Chavismo y el Control Petrolero: La Soberanía se Trasforma ante EE. UU.
La entrega de barriles de crudo a EE. UU. marca un giro en la política petrolera venezolana, alejándose del legado de Chávez.
La reciente decisión del gobierno chavista de entregar 65 mil millones de barriles de petróleo a la empresa de Alejandro Betancourt ha suscitado una severa controversia, al redefinir lo que alguna vez fue un pilar de la política económica de la revolución bolivariana: la soberanía petrolera. Esta entrega, que implica el control de más del 20% del crudo venezolano por parte de intereses estadounidenses, ha sido interpretada como una traición a la promesa de Hugo Chávez de mantener el control nacional sobre los recursos del país.
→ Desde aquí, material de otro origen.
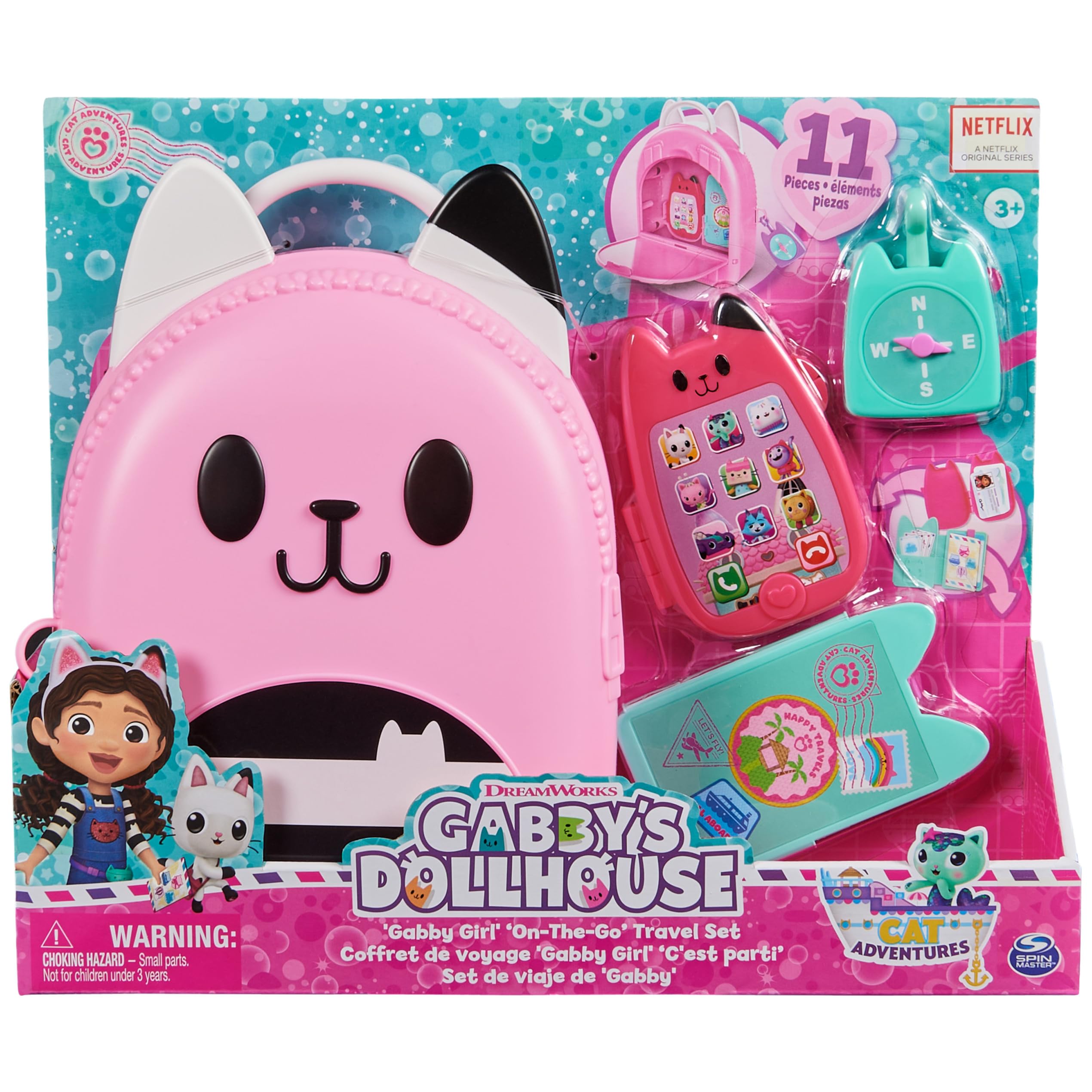 Gabby Dollhouse travel set wallet for pretend documents during adventures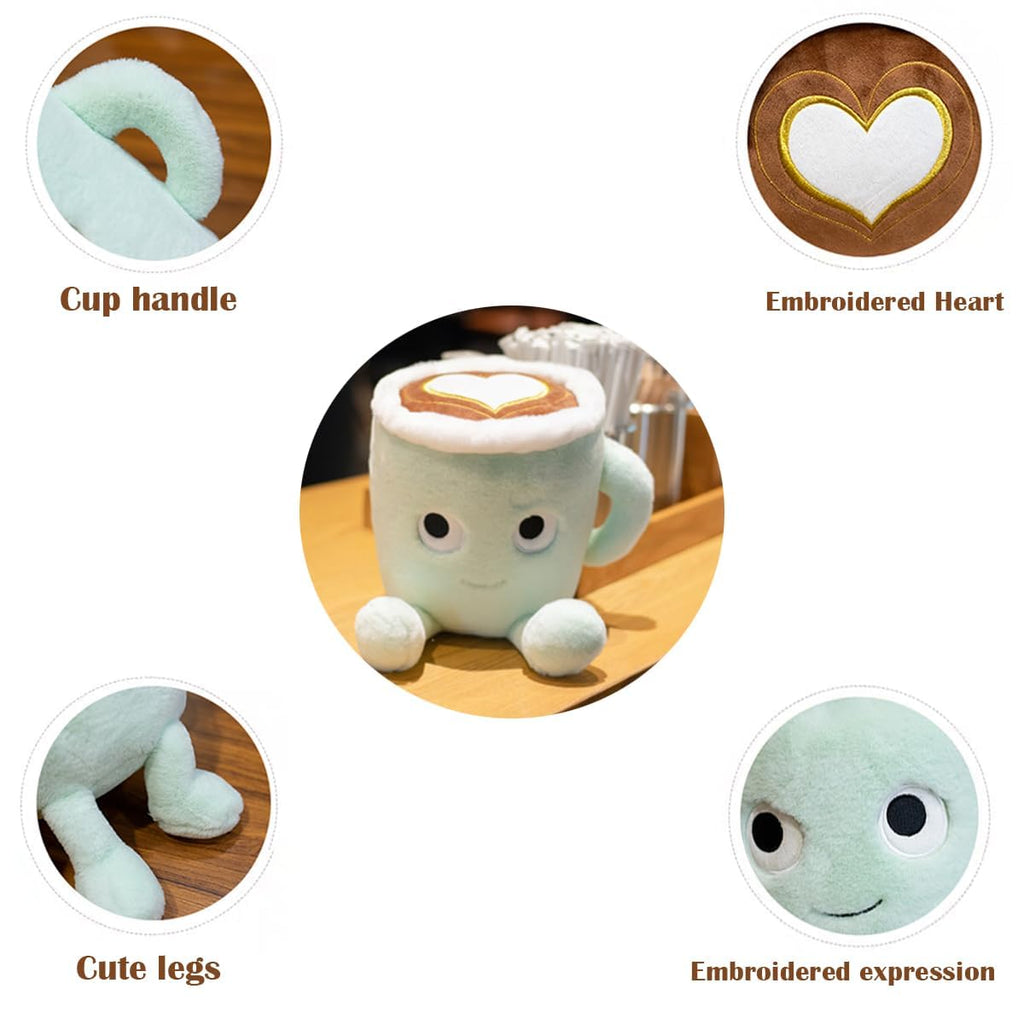 Yoholto 7.8-Inch Latte Plush Pillow: Soft Coffee Cup Stuffed Toy in Green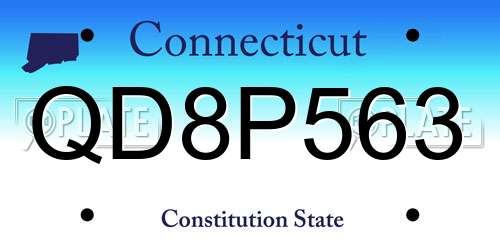QD8P563 Connecticut License Plate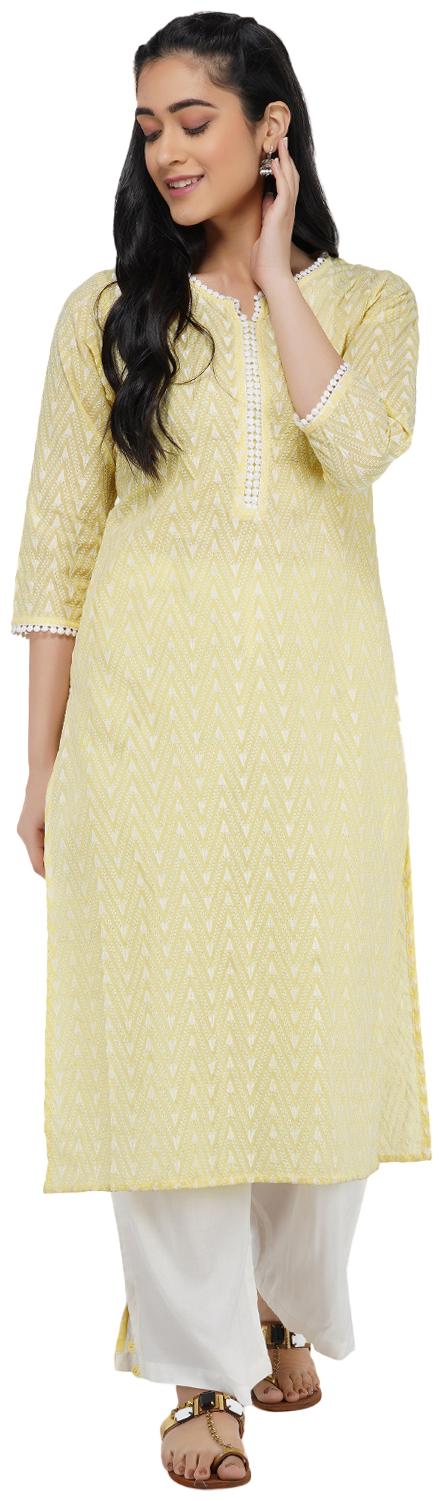 

Paislei Cotton Yellow Embroidered Kurta For Women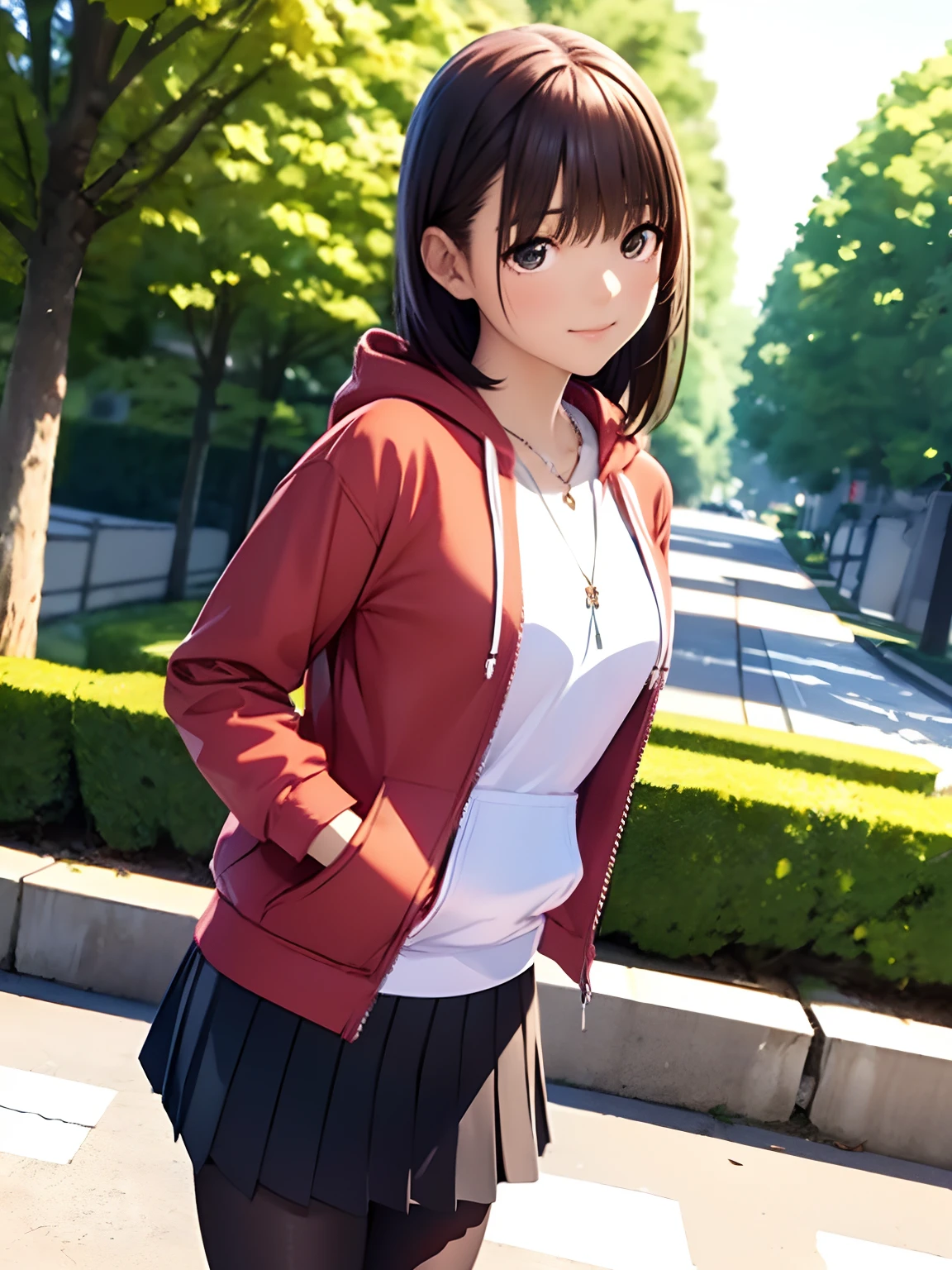 hight resolution,8K,Best Quality,detaileds,semi - realistic anime,Anime 3D Style,Smooth Anime CG,1 girl in,20 year old woman in Japan,slim,modeled,shiny chestnut hair,Medium Hair,Detailed face,Beautiful and detailed eyes,Glowing skin,((Oversized red hoodie)),((Open jacket)),((Brown skirt)),((Black tights)),,a necklace,Autumn twilight,Park of autumn leaves,Maple leaves flutter,Blurry background,portlate,randome pose,Angle from the side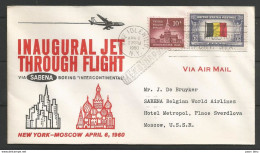 Aérophilatélie - USA - Lettre 6/4/1960 - New York-Moscou - Sabena Boeing Intercontinental 707 - 2c. 1941-1960 Briefe U. Dokumente
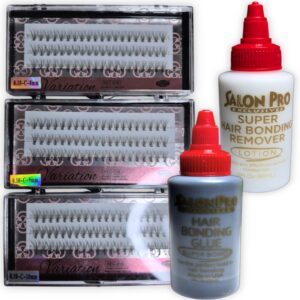 Kit de 3 Pestañas por punto (Medidas a Elección) + Pegamento y Removedor Salón Pro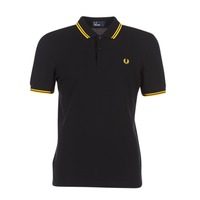 material Men short-sleeved polo shirts Fred Perry SLIM FIT TWIN TIPPED Black / Yellow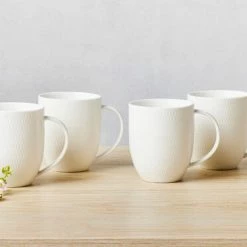 Alternative view of White Basics Diamonds Coupe Mug 370ML Set Of 4 Gift Boxed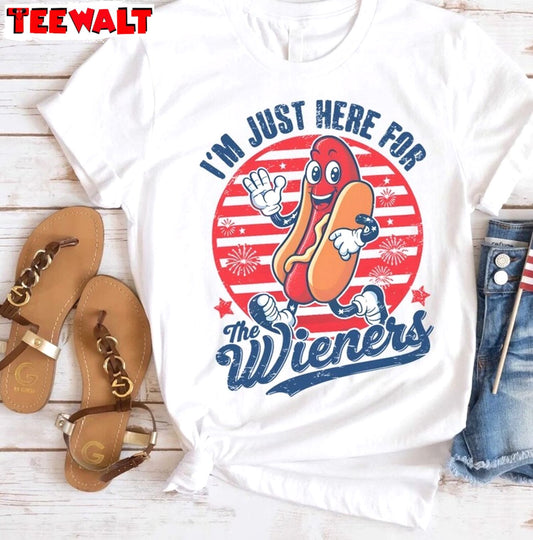 Creative Just Here For The Wieners Shirt, Groovy 4th Of July Short Sleeve Crewneck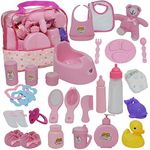 Baby Doll Diaper Bag Set, Doll Feeding Set with Baby Doll Accessories Includes Doll Bottles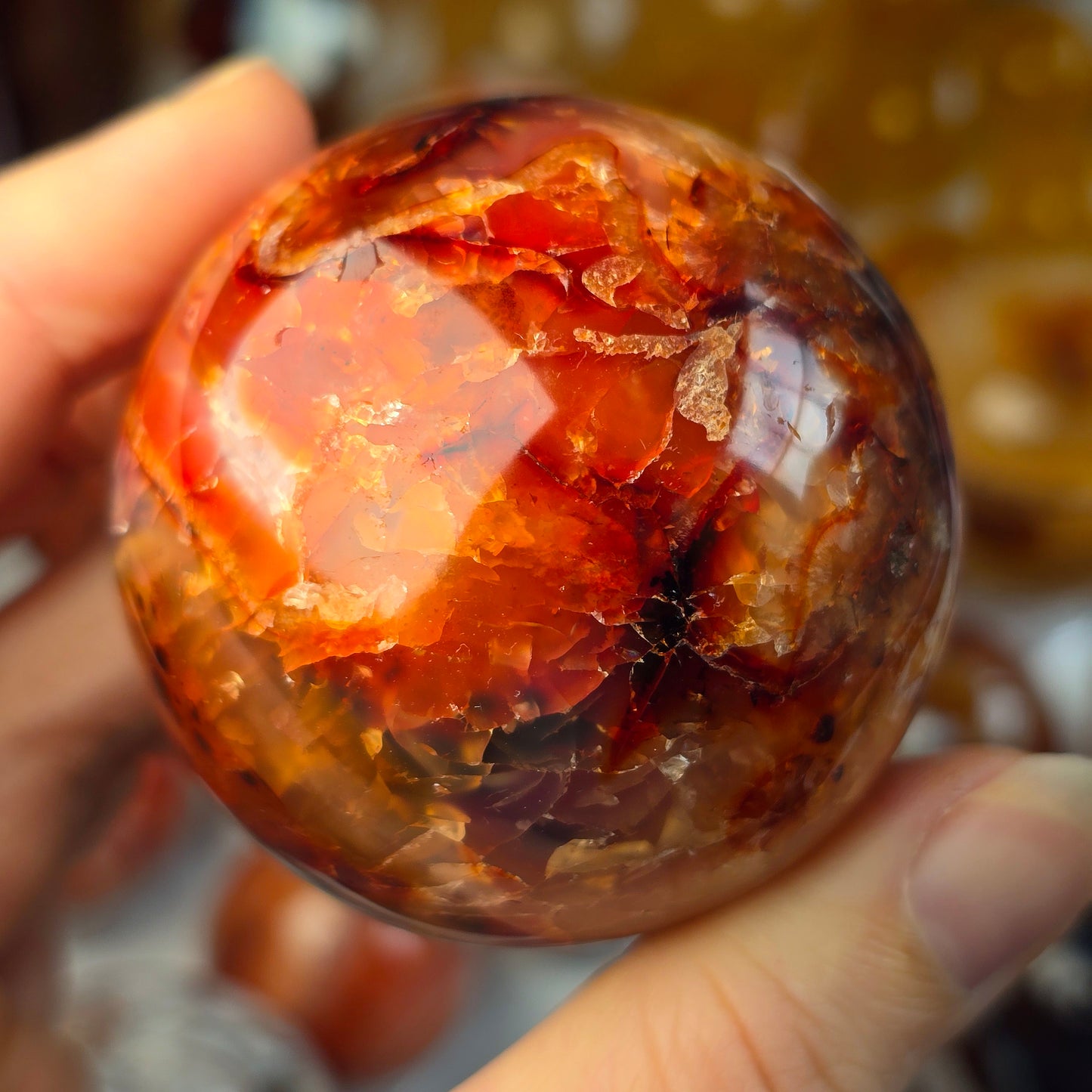Funky Carnelian Sphere ❤️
Históricamente, la retórica de la "soberanía petrolera" se centró en la defensa de los recursos naturales de Venezuela frente a lo que se percibía como intromisiones extranjeras, particularmente de EE. UU. Sin embargo, en medio de una crisis económica que ha sumido al país en la pobreza, el régimen de Nicolás Maduro parece haber optado por pragmatismos que contrarrestan sus ideologías pasadas.
Este cambio no solo muestra un giro notable en la estrategia petrolera, sino que también plantea preguntas sobre la dirección futura de la política económica venezolana en un contexto de sanciones internacionales y presión social. La entrega de estas reservas podría significar una fuente temporal de ingresos para el gobierno, pero también pone en riesgo la sobrevida de la soberanía nacional sobre su mayor recurso.
Según El Pitazo, esta situación se ha vuelto intensamente debatida entre analistas y sectores de la oposición, quienes alertan sobre las implicaciones negativas para la economía y el futuro de la democracia en Venezuela.